In 1956 a purpose-built school was built at Mosslands Drive, Wallasey Village. The building, plate glass in construction, was opened by glass mogul Sir Harry Pilkington. The school was renamed the Secondary Technical School for Boys.

By 1959 the school population was around 500 with 20 members of staff. The school was established as the only Technical Grammar School in the country. In 1961 J D Petit became headmaster and the house system was introduced.

The school took on the Middle School system and changed its name for the fourth time to Mosslands Senior Comprehensive. New headmaster William Mitchell later reorganised the school to 11 to 18 and it became known as The Mosslands School.

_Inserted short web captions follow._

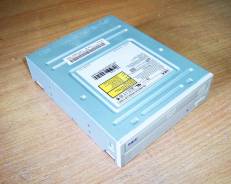 DVD-RW приводы.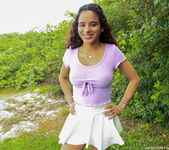 Isabella - Overexposed Outside - FTV Girls 13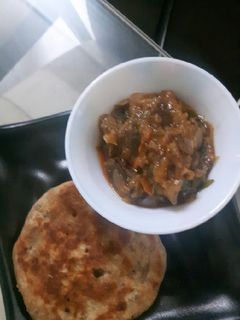 चावल का पराठा (Chawal ka paratha recipe in hindi) रेसिपी मुख्य फोटो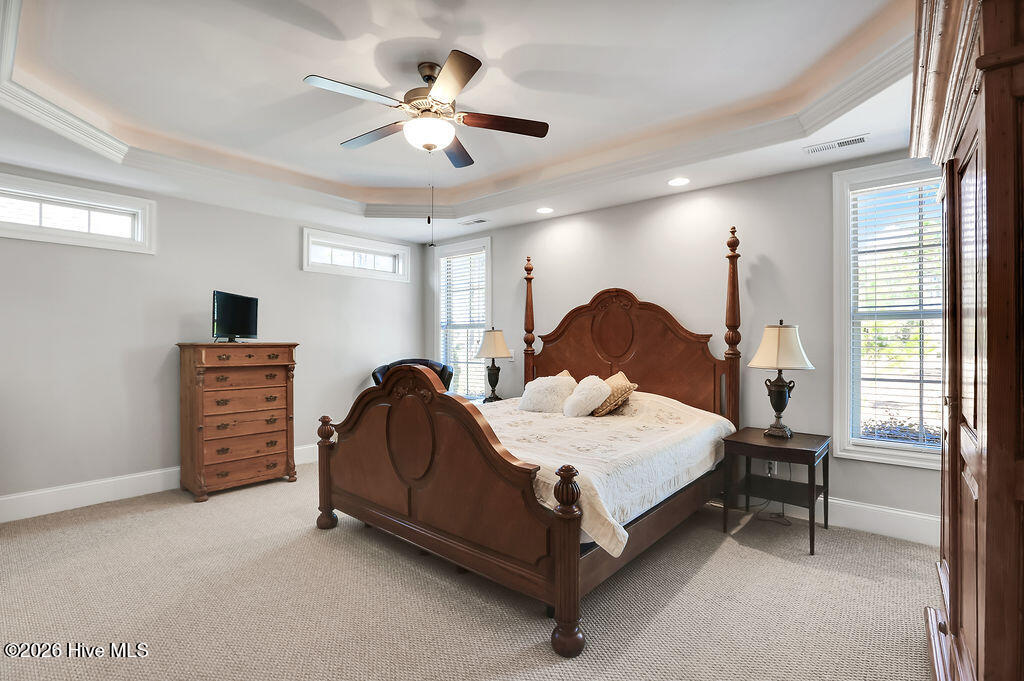 100554017 | Photo 22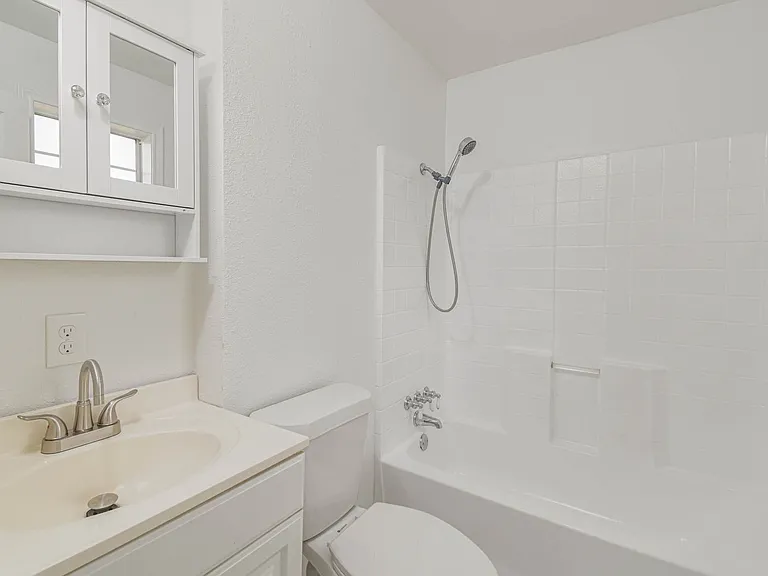 3709 Gager St #1 — Photo 8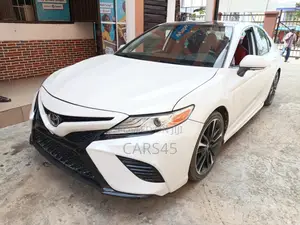 Toyota Camry 2019 White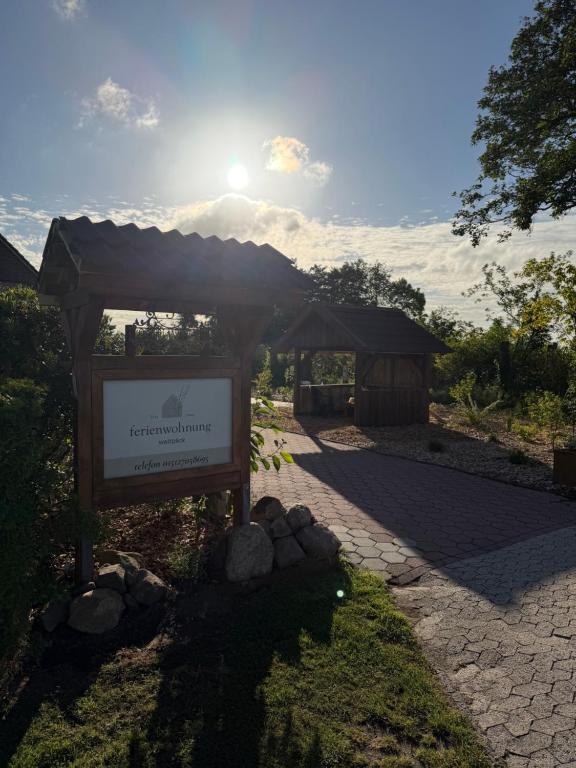 a sign in front of a building with the sun at Ferienwohnung Weitblick in Großheide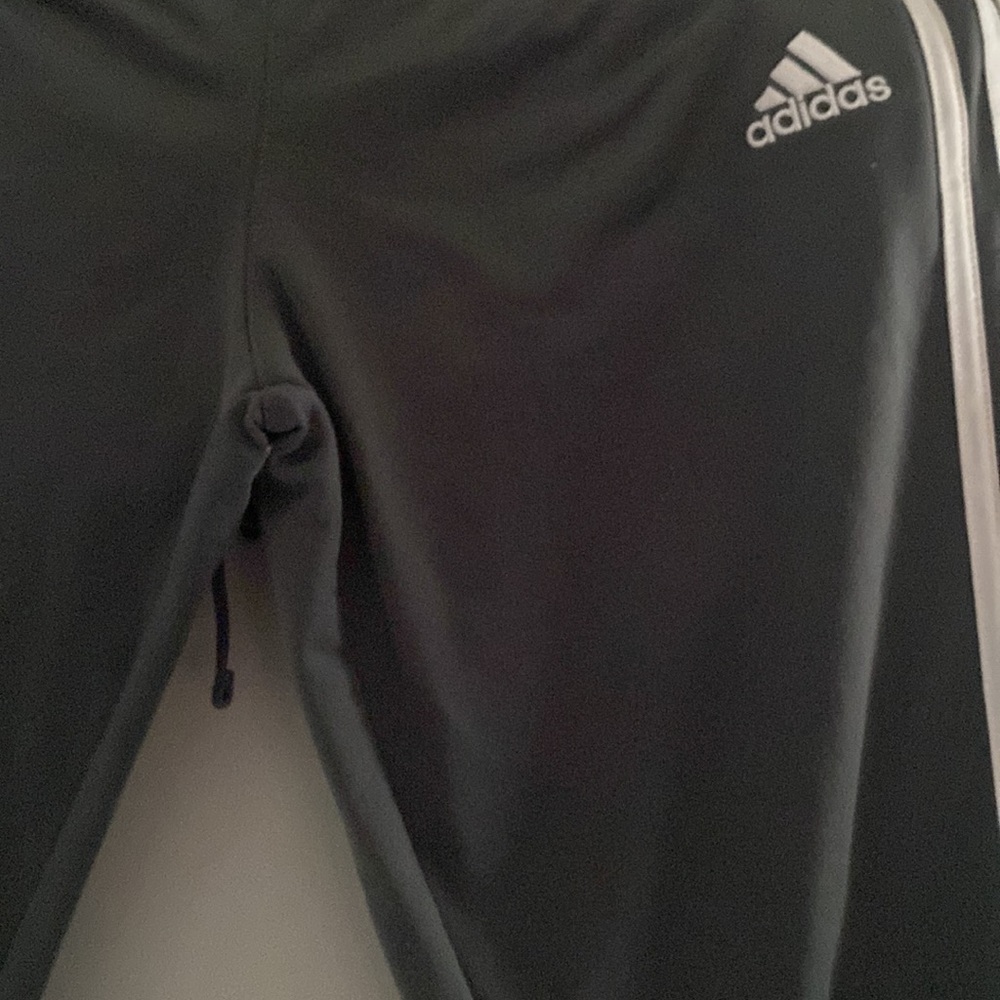 Adidas jogger - Picture 2 of 3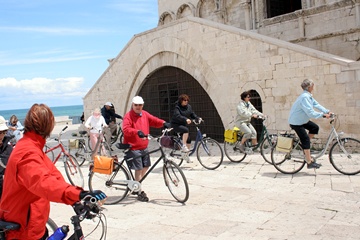 Trani, turisti in bici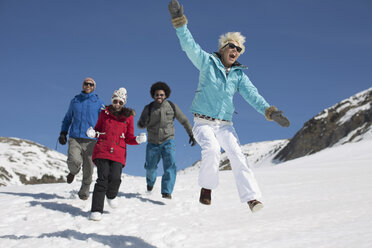 Freunde spielen im Schnee - CAIF10993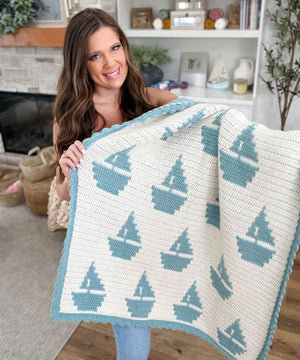 Seabreeze Sailboat /Vanilla Frosting Background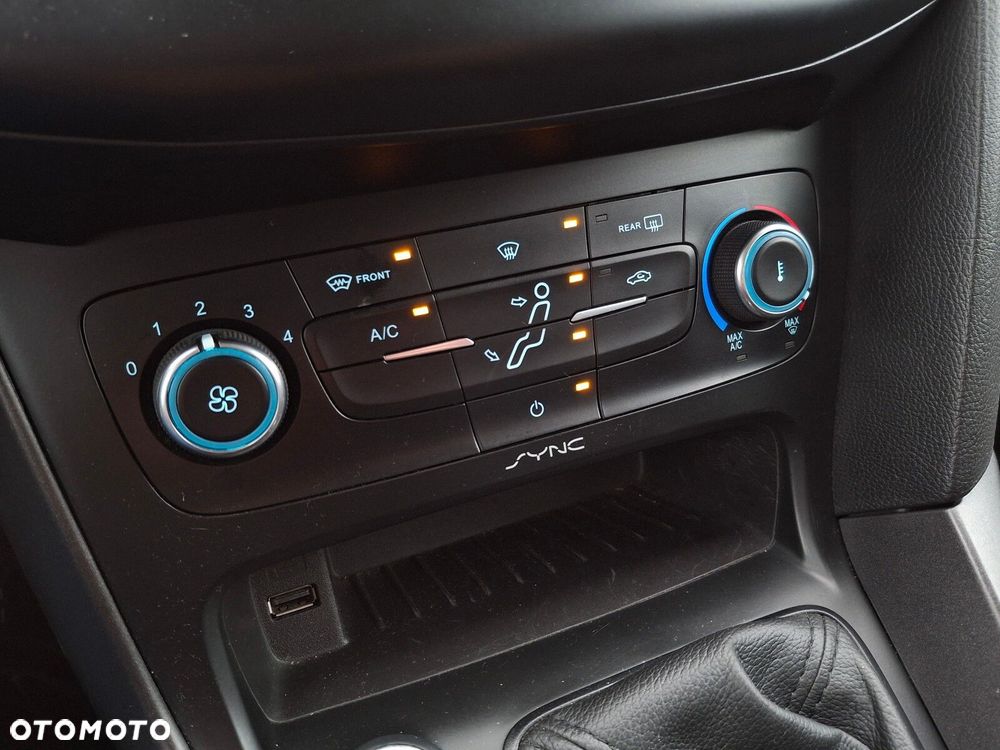 Ford Focus 1.5 TDCi Trend - 19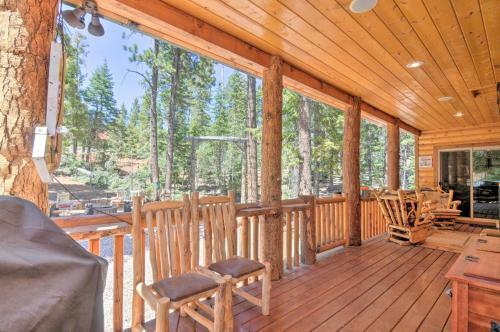 The Great Escape Cabin Fire Pit And Backyard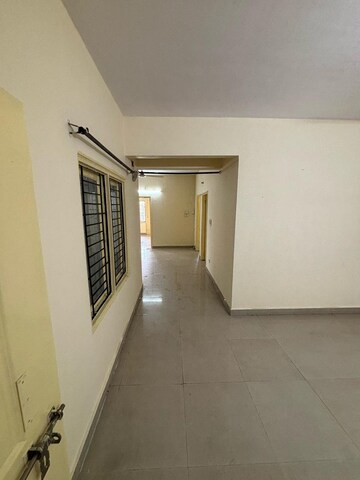 Master Bedroom in 3 BHK Apartment at Greenwood Apartment, Gomti Nagar – for Rent
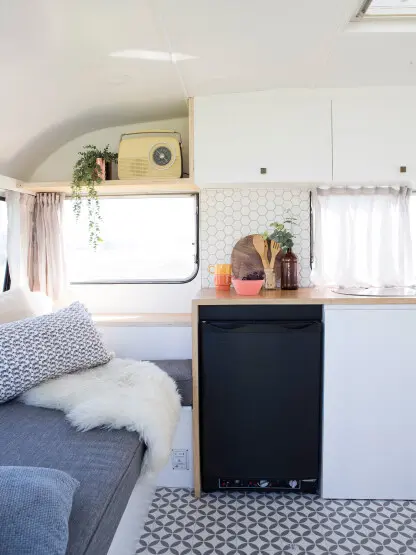 Caravan Ply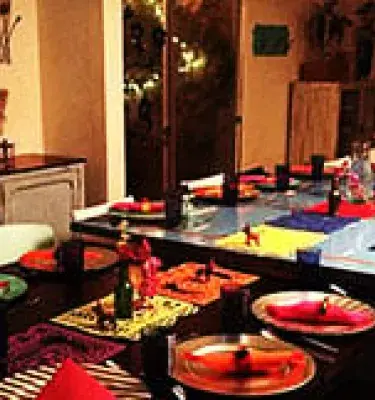 Mesa con platos
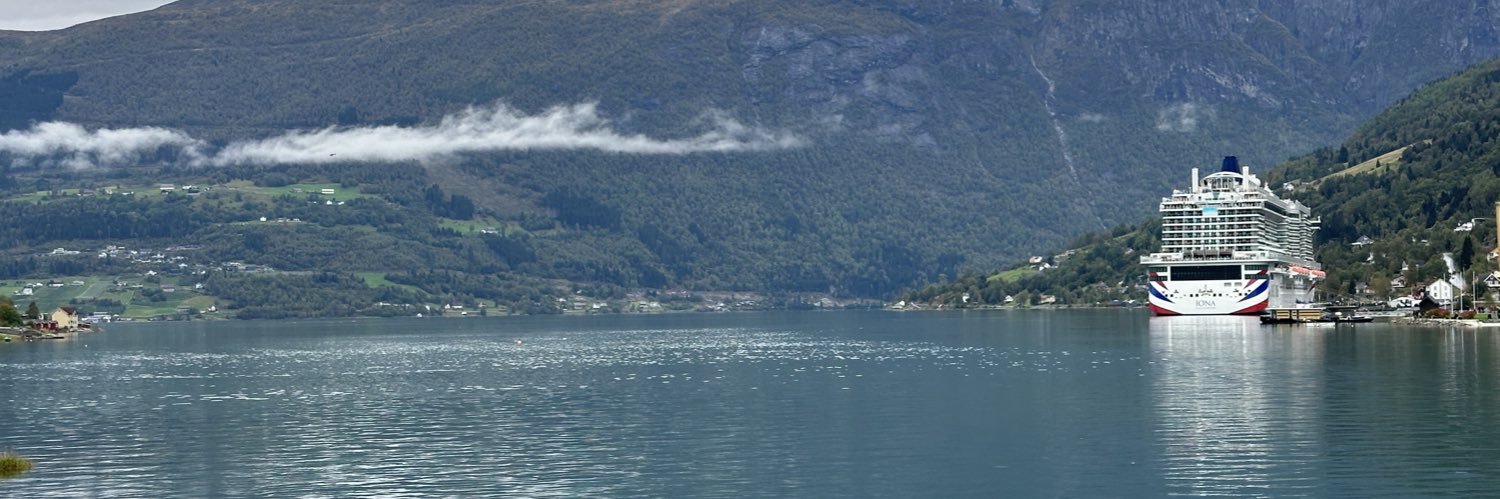 Nicola Fox banner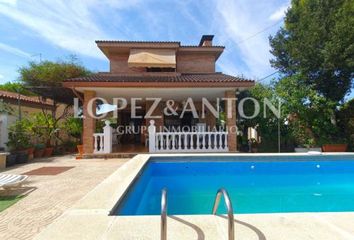 Chalet en  L'eliana, Valencia/valència Provincia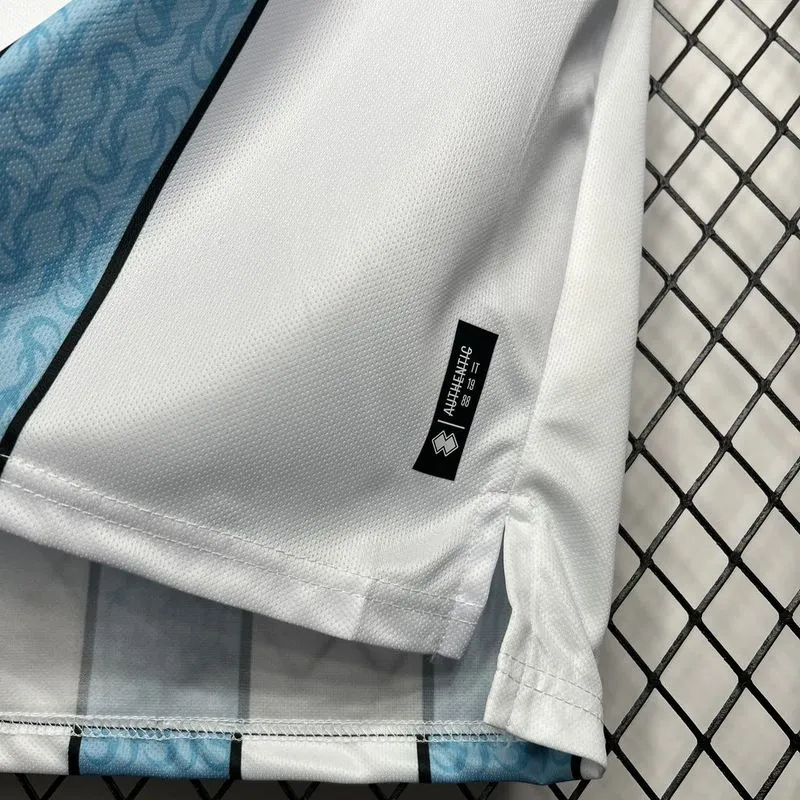 Leeds United Football Jersey Home Kids Kit Jersey+Shorts 2024/25 - Image 4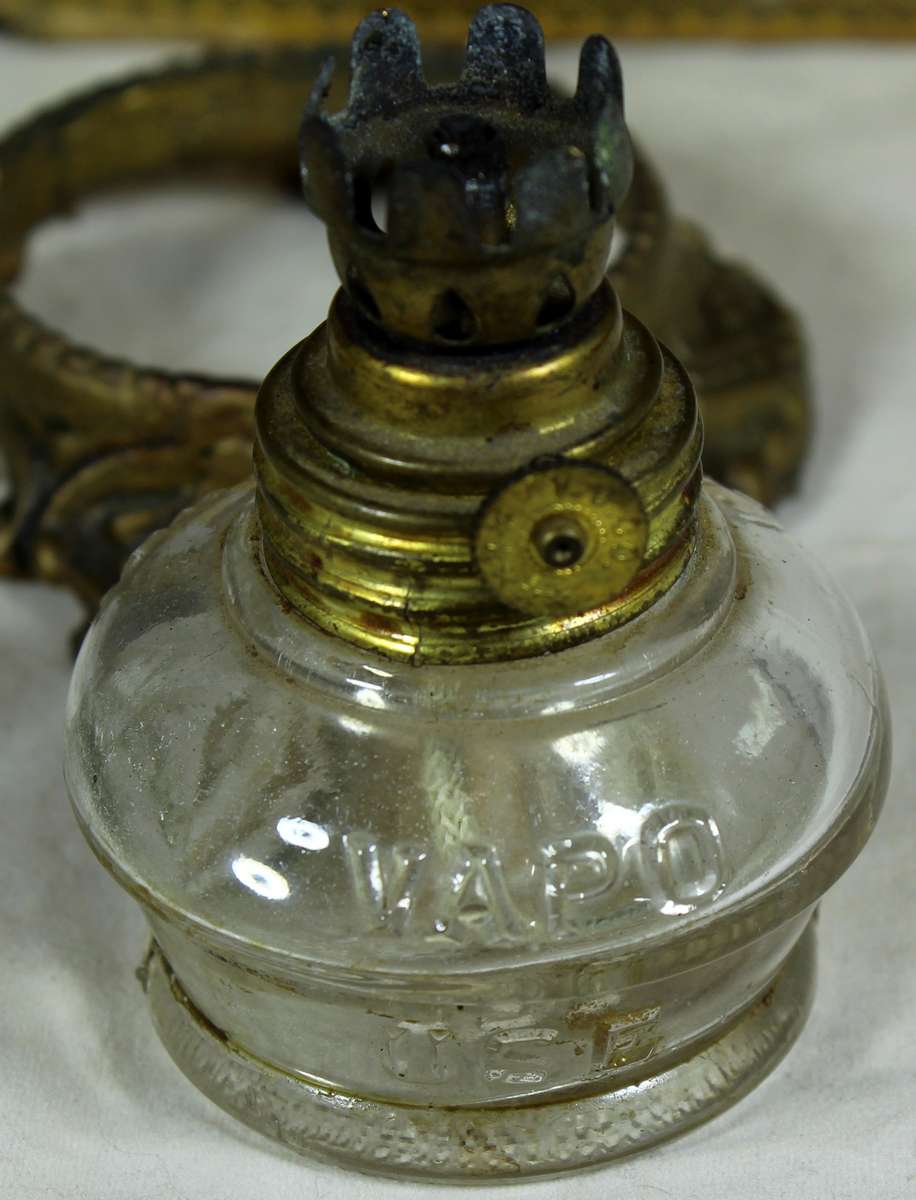 Vapo cresolene burner with original box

The school occupied two sites (Mosslands Drive and a lower school annexe for years 7 and 8) with a population of 1250 boys, a mixed sixth form and over 100 members of staff. Headmaster Mr Gordon Fair took the school to a single site and a large rebuild took place, equipping the school with science laboratories, art studios, music suites, computer rooms, sports hall, and a library.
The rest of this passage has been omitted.